"Um colega de universidade chamou-me a atenção para um
comentário de Camilo Lourenço sobre professores de História no qual afirma que estes não são necessários à economia.
Camilo Lourenço é um homem que tem feito carreira no
comentário económico através de declarações provocadoras. Algumas, como esta,
são infelizes; outras interessantes e acutilantes. (Num parêntesis,
esclareço que apesar de nunca ter trabalhado com ele, fui publisher de uma
revista - a Exame - de que fora diretor, pelo que posso dizer que a versão que
por aí circula do seu afastamento por causa de um artigo sobre o
BPN é... ficção).
Se Camilo tivesse estudado Humanidades, sabia que a
utilidade não pode ser a medida de todas as coisas e conheceria as críticas ao utilitarismo. Ocorre-me, até, que caso
seja economista, Camilo possa conhecer essas críticas. E isso torna as coisas
piores, porque significa que ele foi levado a dizer o que disse não por
desconhecimento - o que conduz àquele pensamento cristão, "Perdoa-lhe
Senhor, que ele não sabe o que diz" -, mas por convicção, o que eleva o debate a um novo patamar.
O utilitarismo analisa as ações pela utilidade que têm
ou virão a ter na produção de bem estar numa sociedade. Por exemplo, um
utilitarista moderado dirá que os idosos produzem bem estar social
através do exemplo, ou da integração social e da transmissão de conhecimentos e
sabedoria. Já um radical - camilista? - dirá que um velho é um
desqualificado porque já nada produz e só gasta
dinheiro.
"Não pode ser. Mas um licenciado em História é
qualificado só por que tem um canudo?" pergunta Camilo. E a resposta é
sim. É qualificado porque o reconheceram como
possuidor de um conjunto de conhecimentos (se bem ou mal é outra
discussão). Claro que a qualidade do seu trabalho pode ser melhor ou pior, mas
dizer que licenciados em História, ou em Filosofia, ou em Clássicas ou em
Literatura não têm qualificação só por terem um canudo - uma vez que não "têm utilidade no mercado de trabalho", é o mesmo que dizer
que um idoso não tem utilidade porque só gasta dinheiro e não produz nada (algo que lembrou a um senhor economista no Japão). Ou,
como diz Camilo, "Não tem utilidade para a economia".
A Economia é importante, Camilo, claro que é. Mas o mundo é mais do que a Economia. A mera racionalidade económica, se não
for compensada por aspetos como caridade/solidariedade;
amizade/companheirismo/amor; coesão/camaradagem/vizinhança entre muitas outras
categorias não económicas (ocorre-me também a boa educação), é inútil.
Como já demonstrou o suspeito licenciado em História
Rui Tavares (ontem, num artigo no 'Público') acresce que os licenciados em
História têm utilidade para a Economia.
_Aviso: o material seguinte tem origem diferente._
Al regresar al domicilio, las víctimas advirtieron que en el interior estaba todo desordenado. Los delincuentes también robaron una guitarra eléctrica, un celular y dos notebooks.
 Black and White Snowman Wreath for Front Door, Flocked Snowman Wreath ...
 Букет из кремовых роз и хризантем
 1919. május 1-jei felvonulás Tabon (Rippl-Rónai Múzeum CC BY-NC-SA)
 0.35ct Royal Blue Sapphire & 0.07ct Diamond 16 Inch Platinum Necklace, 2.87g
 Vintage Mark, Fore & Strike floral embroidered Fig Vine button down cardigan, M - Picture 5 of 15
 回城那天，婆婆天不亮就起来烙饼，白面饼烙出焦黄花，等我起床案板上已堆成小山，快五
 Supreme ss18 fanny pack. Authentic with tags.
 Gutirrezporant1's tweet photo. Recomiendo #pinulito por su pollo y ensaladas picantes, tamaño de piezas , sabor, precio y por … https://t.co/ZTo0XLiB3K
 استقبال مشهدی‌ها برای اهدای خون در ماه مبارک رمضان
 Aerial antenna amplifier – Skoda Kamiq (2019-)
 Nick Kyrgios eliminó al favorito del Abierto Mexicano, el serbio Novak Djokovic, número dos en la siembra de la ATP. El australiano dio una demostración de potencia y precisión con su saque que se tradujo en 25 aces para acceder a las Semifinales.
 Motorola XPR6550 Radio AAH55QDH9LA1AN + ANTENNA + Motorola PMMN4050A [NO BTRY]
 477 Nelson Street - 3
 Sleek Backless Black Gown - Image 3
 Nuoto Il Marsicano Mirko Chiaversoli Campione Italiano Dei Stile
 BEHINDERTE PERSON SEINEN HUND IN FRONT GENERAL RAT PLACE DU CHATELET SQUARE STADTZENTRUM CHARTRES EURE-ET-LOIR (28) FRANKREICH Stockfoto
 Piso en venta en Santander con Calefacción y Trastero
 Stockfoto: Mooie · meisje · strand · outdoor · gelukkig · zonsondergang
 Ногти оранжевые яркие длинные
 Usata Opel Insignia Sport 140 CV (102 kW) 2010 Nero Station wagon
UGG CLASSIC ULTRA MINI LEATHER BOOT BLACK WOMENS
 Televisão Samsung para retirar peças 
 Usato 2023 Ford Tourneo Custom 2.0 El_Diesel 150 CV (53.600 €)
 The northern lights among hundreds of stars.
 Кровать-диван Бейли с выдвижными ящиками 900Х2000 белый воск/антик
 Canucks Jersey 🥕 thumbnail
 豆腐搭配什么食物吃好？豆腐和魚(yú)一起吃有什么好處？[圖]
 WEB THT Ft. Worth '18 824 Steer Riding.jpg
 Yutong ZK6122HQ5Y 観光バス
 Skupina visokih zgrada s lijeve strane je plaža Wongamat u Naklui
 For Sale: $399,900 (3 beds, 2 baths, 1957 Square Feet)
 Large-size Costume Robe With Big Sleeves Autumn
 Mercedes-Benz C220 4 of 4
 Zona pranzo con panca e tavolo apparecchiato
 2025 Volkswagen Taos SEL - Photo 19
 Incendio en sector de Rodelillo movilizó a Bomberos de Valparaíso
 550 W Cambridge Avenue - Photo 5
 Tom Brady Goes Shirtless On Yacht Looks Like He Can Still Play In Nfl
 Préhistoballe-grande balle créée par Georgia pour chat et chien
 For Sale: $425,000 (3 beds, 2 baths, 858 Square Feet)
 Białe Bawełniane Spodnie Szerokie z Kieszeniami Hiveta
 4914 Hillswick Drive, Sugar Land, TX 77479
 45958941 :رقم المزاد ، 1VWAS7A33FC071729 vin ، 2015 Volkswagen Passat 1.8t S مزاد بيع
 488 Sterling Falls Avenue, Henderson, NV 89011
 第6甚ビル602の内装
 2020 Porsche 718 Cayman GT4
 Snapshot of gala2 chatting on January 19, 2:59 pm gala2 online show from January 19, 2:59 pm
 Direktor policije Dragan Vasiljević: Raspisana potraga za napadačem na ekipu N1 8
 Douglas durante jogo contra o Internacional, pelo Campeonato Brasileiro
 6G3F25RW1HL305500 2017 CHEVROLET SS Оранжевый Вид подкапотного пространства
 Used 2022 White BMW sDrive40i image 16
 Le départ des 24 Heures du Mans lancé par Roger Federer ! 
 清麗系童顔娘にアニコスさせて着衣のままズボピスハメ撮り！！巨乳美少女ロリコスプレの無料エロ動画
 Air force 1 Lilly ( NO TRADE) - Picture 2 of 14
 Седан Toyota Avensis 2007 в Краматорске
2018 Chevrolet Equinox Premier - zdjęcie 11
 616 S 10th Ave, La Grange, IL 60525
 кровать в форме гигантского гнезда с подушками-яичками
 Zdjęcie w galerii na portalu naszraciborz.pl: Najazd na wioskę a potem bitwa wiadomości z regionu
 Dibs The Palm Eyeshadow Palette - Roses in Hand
E os licenciados em Filosofia também. Muitas empresas, por todo o mundo, contratam quadros destes cursos porque o
conhecimento da história e do pensamento permite às empresas evitar erros.
Por exemplo, Amos Shapira, o CEO da Cellcom,a maior
empresa de Cabo nos EUA, diz literalmente isto: "O conhecimento que uso
como CEO pode ser adquirido em duas semanas... A principal coisa que os
estudantes têm de aprender é como estudar e analisar as coisas, incluindo a
História e a Filosofia". O design da Apple deve-se a um curso de
caligrafia de Steve Jobs. Grandes vendedores dos EUA vêm de cursos de letras e
de teatro. Em França, caro Camilo, Filósofos dão consultas a dirigentes de
empresas, para os ajudar a ultrapassar certos dilemas. A própria utilidade das Humanidades na Economia é indiscutível e é
reconhecida por fontes insuspeitas como a Harvard Business Review.
Porque qualquer licenciado em Filosofia diria que a
teoria do crescimento constante da Economia é anti-natural (não há nada na
natureza que cresça constantemente sem morrer). Qualquer licenciado em História
sabe que o desequilíbrio entre a China e a Europa é bastante recente em termos
históricos, pelo que tender-se-ia para o re-equilíbrio que está a
acontecer.
São coisas úteis para a sociedade,
sobretudo se a sociedade não for formada por um conjunto de ignorantes."